In 2014, the Dutch Central Bank ("DNB") published its long-term vision on supervision for the years 2014-2018. Recently, DNB published its supervisory outlook for 2017.

DNB identified low interest rates, technological innovation, inability to adapt to changes by financial institutions, the complexity and unintended consequences of laws and regulations, terrorist financing and money laundering, climate-related risks (especially for non-life insurers and lenders to CO2 heavy industries) and financial, economic and political risks, such as risks related to Brexit and the US elections as key risks for the years ahead.

  • Technological innovation – Current laws do not always sufficiently mitigate the risks related to technological innovation. DNB's focus will be on the impact of blockchain technology on the financial sector, topics related to cybercrime, and financial sector technological innovation generally.
     
  • Outsourcing – DNB will focus on the risks associated with outsourcing by financial institutions.
     
  • Climate risks – In 2016, DNB published a paper about the transition to a carbon-neutral economy. Follow-up research will focus on risk management methods, including a "stress test" for climate risks and research on climate risks for insurers.
     
  • Adaptability of the financial sector and strategic decision making – DNB will look into the ability of financial institutions to adapt to changing circumstances and will conduct an assessment at a number of insurers and pension funds on the quality of their strategic decision-making process. Based on the results of this assessment, DNB will issue best practice guidelines and will inform the sector by means of a publication and a seminar.
     
  • Integrity screening – DNB announced that it will continue to make improvements to the process of the integrity screening of directors.
     
  • Systematic integrity risk analysis ("SIRA") – Financial institutions are required to have an adequate SIRA in place.
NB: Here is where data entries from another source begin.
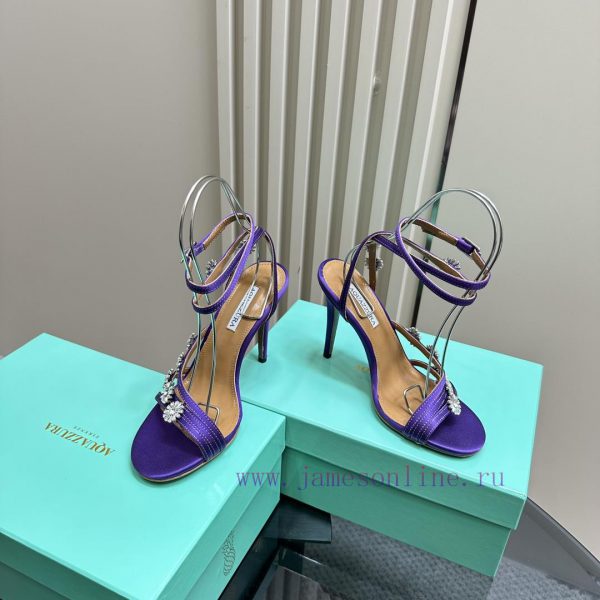 The mostAQUAZURA Big Pineapple Water Diamond Decorative High Heels2024 Summer Water Diamond 1qn1034z - Image 4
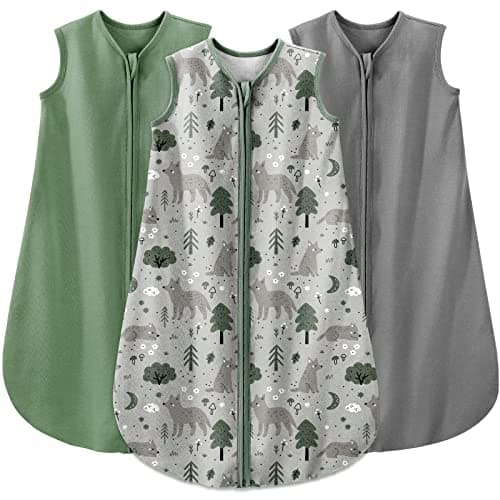 Yoofoss Baby Sleep Sack 18-24 Months Baby Wearable Blanket 100% Organic Cotton 2-Way Zipper Toddler Sleeping Sack，3 Pack Soft Lightweight Sleep Sacks for Babies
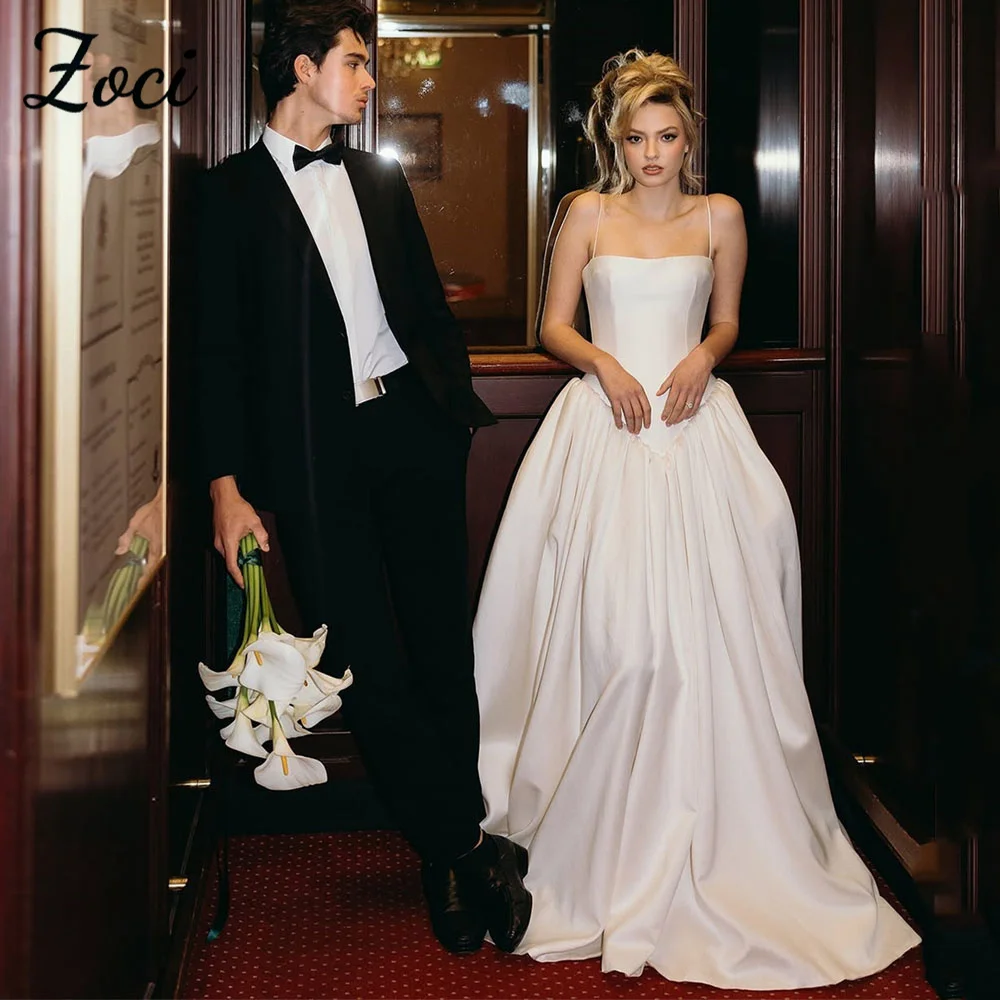 Zoci Princess Spaghetti Straps Wedding Dresses A Line Satin Draped Bride Dress Customized Backless Saudi Dubai Bride Dress
Zoci Princess Spaghetti Straps Wedding Dresses A Line Satin Draped Bride Dress Customized Backless Saudi Dubai Bride Dress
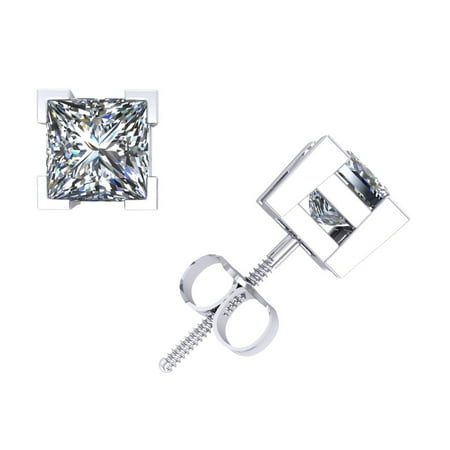 - 1.25Ct Princess Diamond Basket Stud Earrings 14k White Gold V-Prong Set F VS2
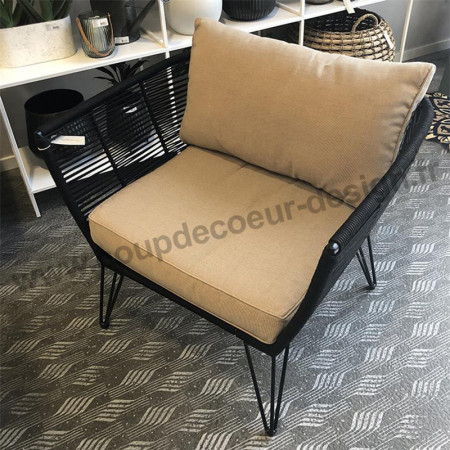 Fauteuil de jardin design beige et noir confortable Bloomingville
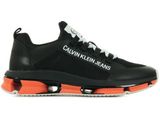 a picture of a black and orange sneaker with the words calvin klein jeans on it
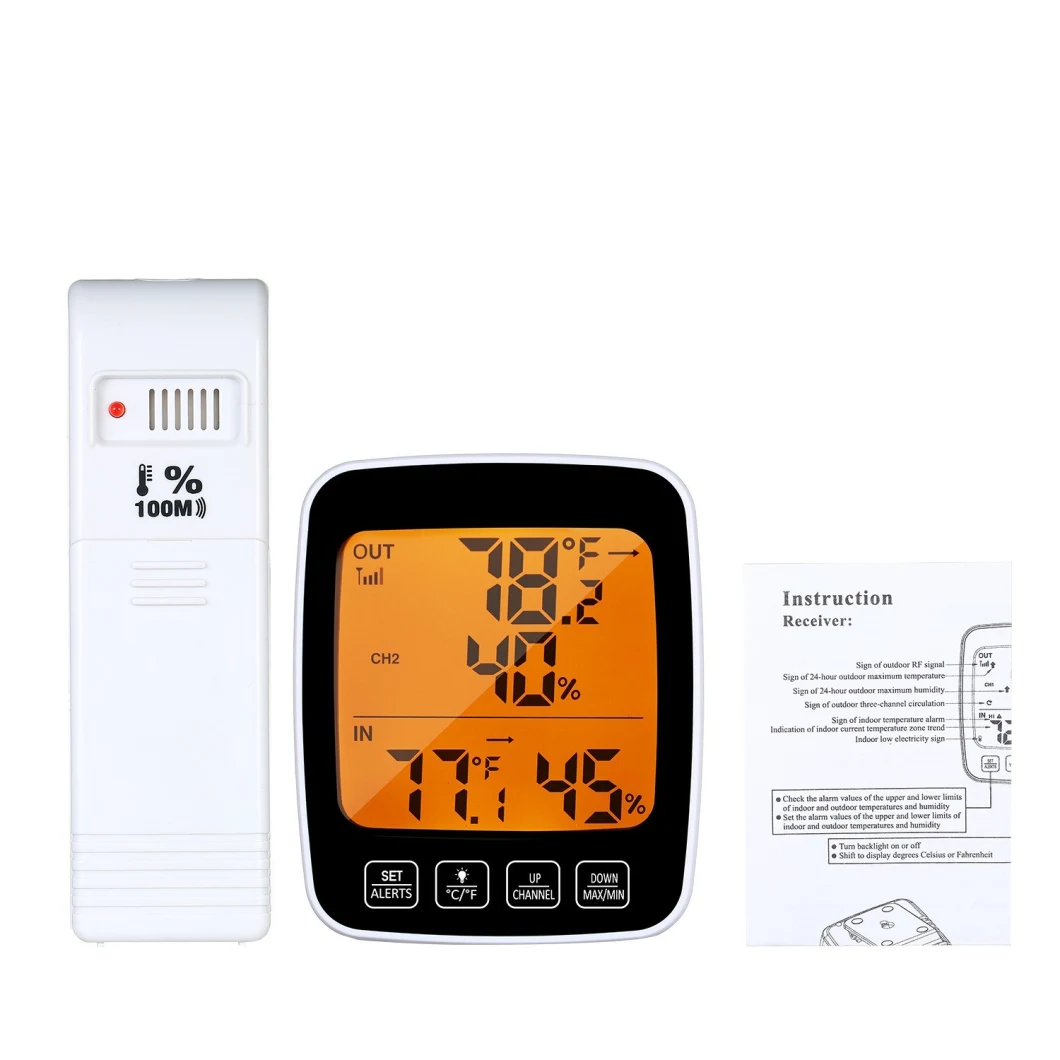 Factory Thermo Hygrometer Temperature Humidity Monitor with Wireless Sensor with LCD Screen, &ordm; C/&ordm; F Switch for Home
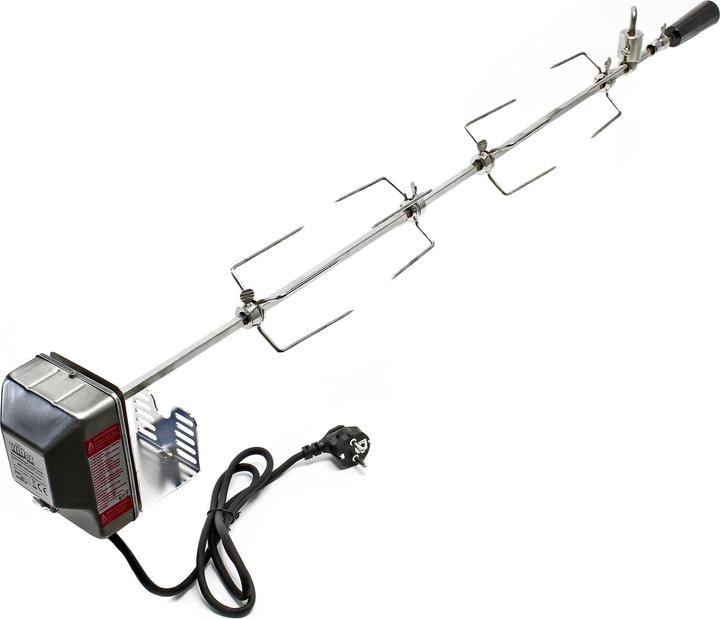 Immagine prodotto Wiltec Spiedo per griglia BBQ in acciaio inox 110cm con peso di bilanciamento spiedo rotante shashlik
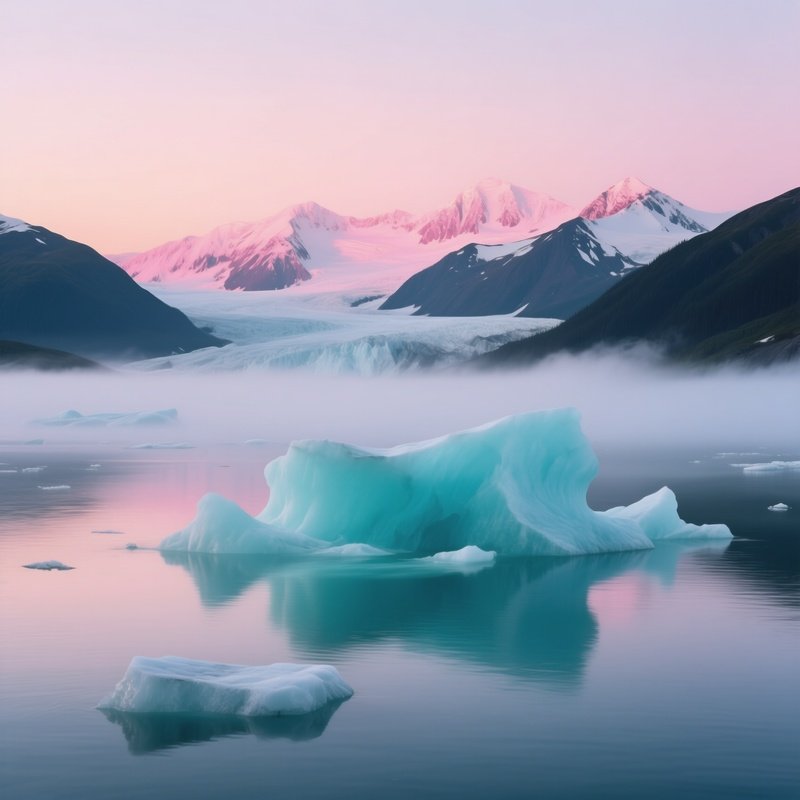A Quiet Alaskan Glacier Lagoon At Sunrise, Turquoise Icebergs Floating, Mist Rising From Cold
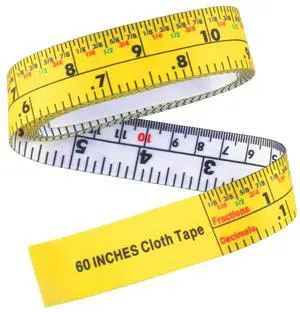 Cloth Tape Measure, All Purpose 60 Inch Double Sided Fractional Inch and Decimal Engineer Scale Tape Measure 5ft 60in 152cm (White and Yellow) Cloth Tape Measure, All Purpose 60 Inch Double Sided Fractional Inch and Decimal Engineer Scale Tape Measure 5ft 60in 152cm (White and Yellow)
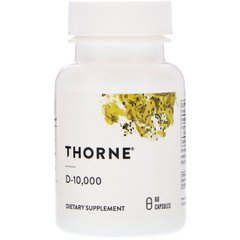 Витамин D3 Thorne Research (Vitamin D3) 10 000 МЕ 60 капсул, THR-14801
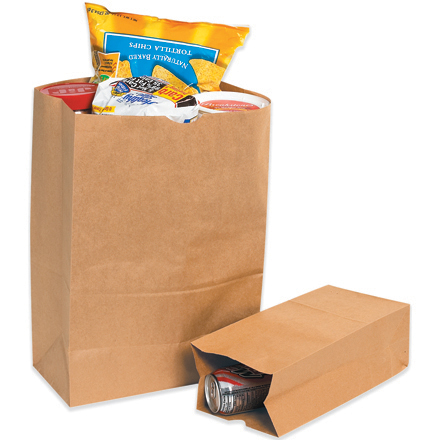 8 <span class='fraction'>1/4</span> x 6 <span class='fraction'>1/8</span> x 15 <span class='fraction'>7/8</span>" Kraft Grocery Bags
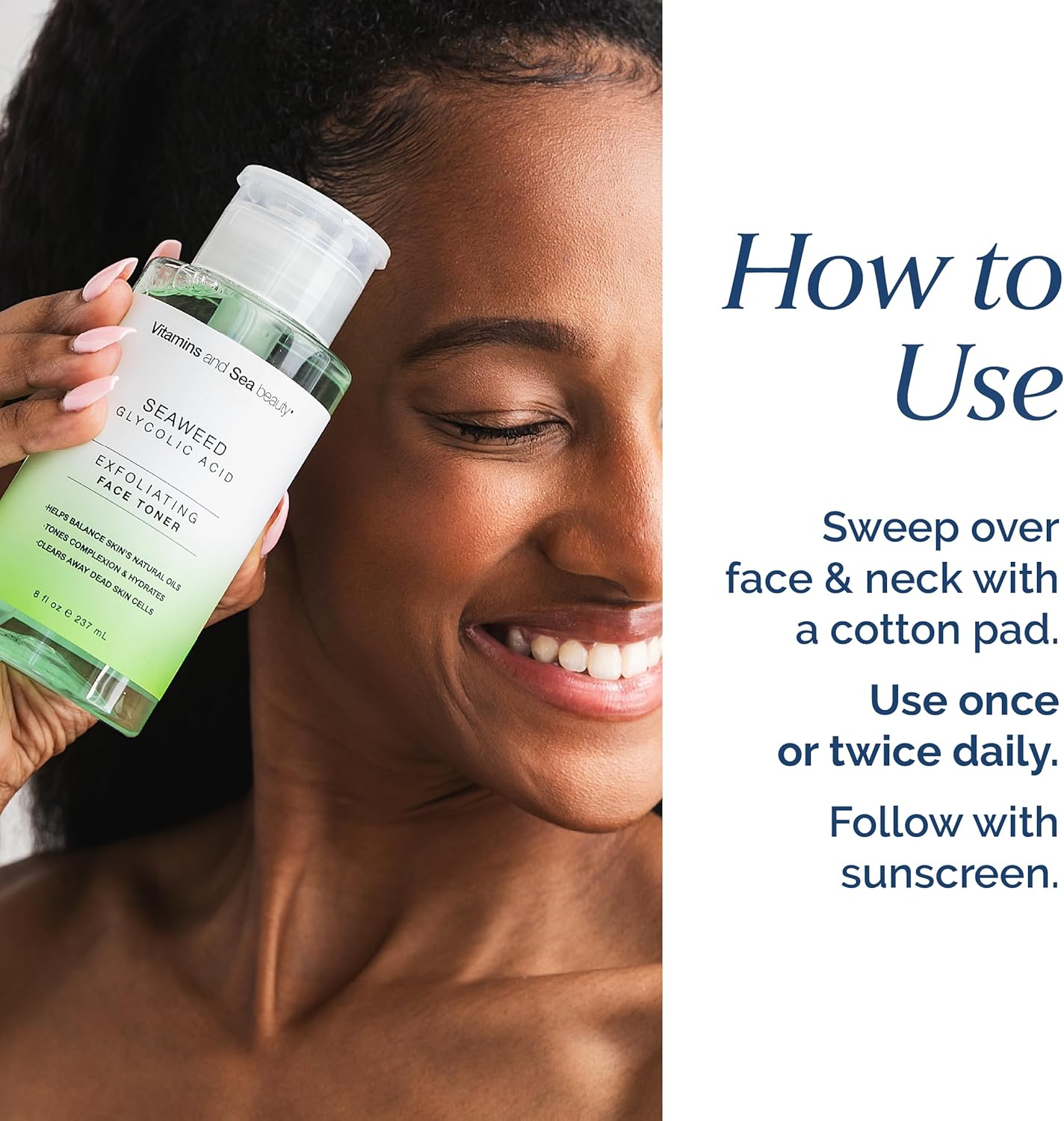 Exfoliating Face Toner with Seaweed & Glycolic Acid - Hydrating, Oil Balancing Formula for All Skin Types | 8 fl oz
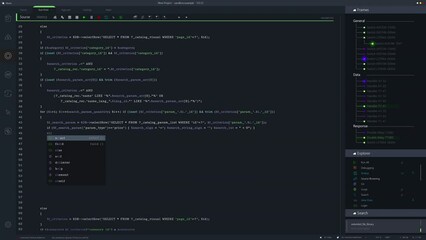 Developer Software Code Mock-up with Generic Programming Language. Dark Interface With Multiple Prompts Running. Night Mode Template for Desktop Computer Displays and Laptop Screens.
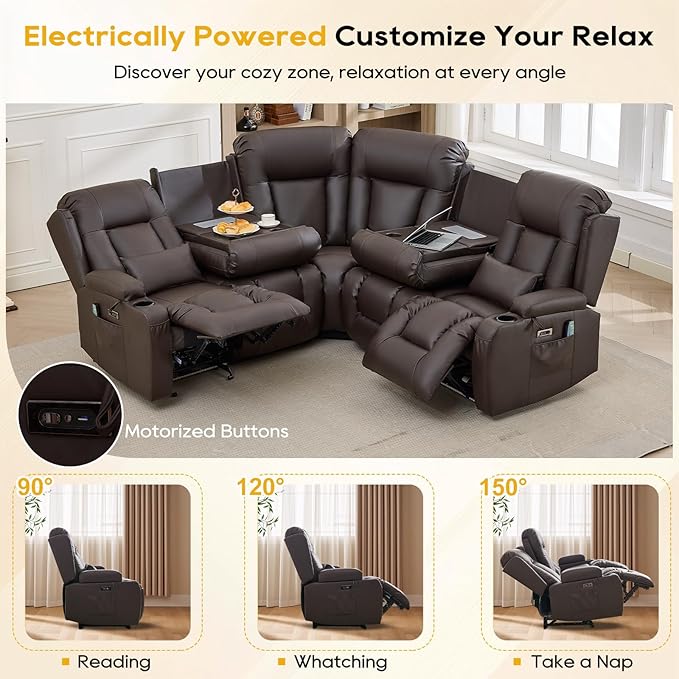 IPKIG Power Recliner Sofa with Flip-Up Backrest Console, USB & USB-C Ports, AC Outlet, LED Lights, Wall Hugger Recliners for Living Room, RV (Brown, 77.53" - 5 Seat) | Faux Leather, Zero Gravity, Dual Reclining, 2 Lumabr Pillow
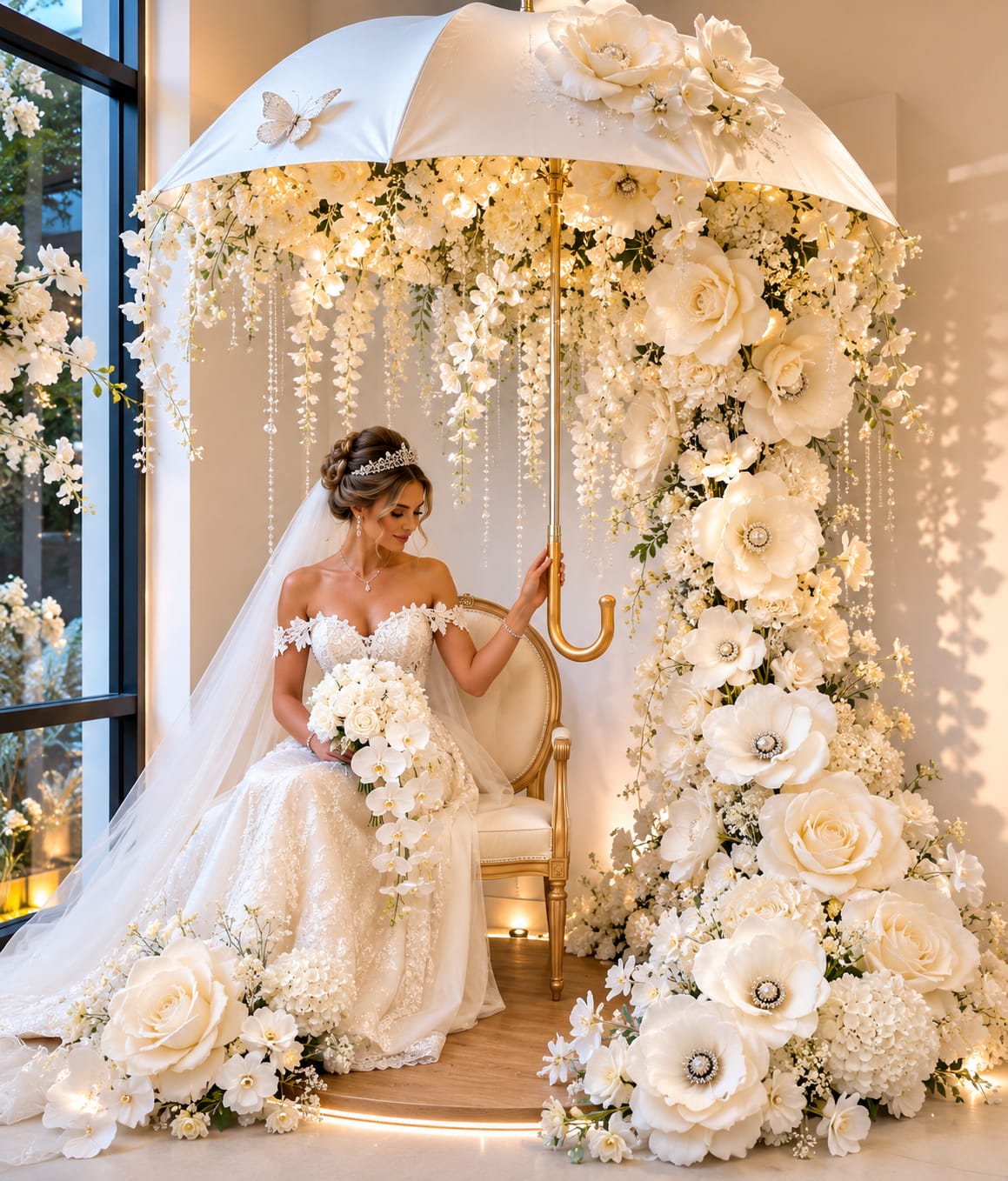 Weißer Luxus-Schirm mit Blumenkaskade mieten | Fotozone Hochzeit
DNB will review whether the SIRA leads to appropriate risk-mitigation policies.
     
  • Aggressive tax planning and anonymity of clients – DNB will investigate whether financial institutions facilitate arrangements preventing individuals and companies from being visible to governmental authorities.
     
  • Measures relating to anti-terrorism financing and sanctions – DNB will review whether the required improvements to mitigate the risks of involvement in terrorist financing and potential breaches of the Dutch Sanctions Act have been adequately implemented.
     
  • Banks – DNB will assess individual institutions in relation to their yearly risk assessment (the Supervisory Review and Evaluation Process (SREP)). Internal models for the calculation of market risk, counterparty risk and credit risk, defaulting loans and credit risk will also be reassessed.
     
  • Insurers – DNB will look into the impact of technological innovation on the insurance sector, whether the risk management function satisfies the requirements set out in Solvency II and the profitability of insurance products by reviewing the Product Approval and Review Process (PARP). DNB will also conduct a "stress-test" for insurers.
     
  • Pension funds – DNB will review the provision of information of pension funds to their clients, It will also look into whether the business models are sustainable.
     
  • Trust offices – Trust offices will be part of the cross-sector assessment relating to the measures they have implemented so far to prevent terrorist financing and the Sanctions Act 1977.
     
  • Investment firms and AIFMs – DNB will conduct on-site assessments of risk at large investment firms and AIFMs.
     
  • Payment institutions and electronic money institutions – Payment institutions must draw-up a recovery and resolution plan. DNB will expand its supervisory capacity relating to payment institutions and electronic money institutions.
     
  • Money transfer offices – DNB will extend its transaction monitoring and network analysis to money transfer offices to ensure an effective supervision of anti-money laundering and anti-terrorist financing measures.

The other Dutch financial regulator, the Netherlands Authority for the Financial Markets ("AFM"), which focuses on market conduct supervision, also formulated its long-term vision under its supervisory agenda in January 2016, covering the period 2016-2018. On 25 March 2016, the AFM updated these plans in its agenda for 2016. Further plans have not yet been made public for 2017.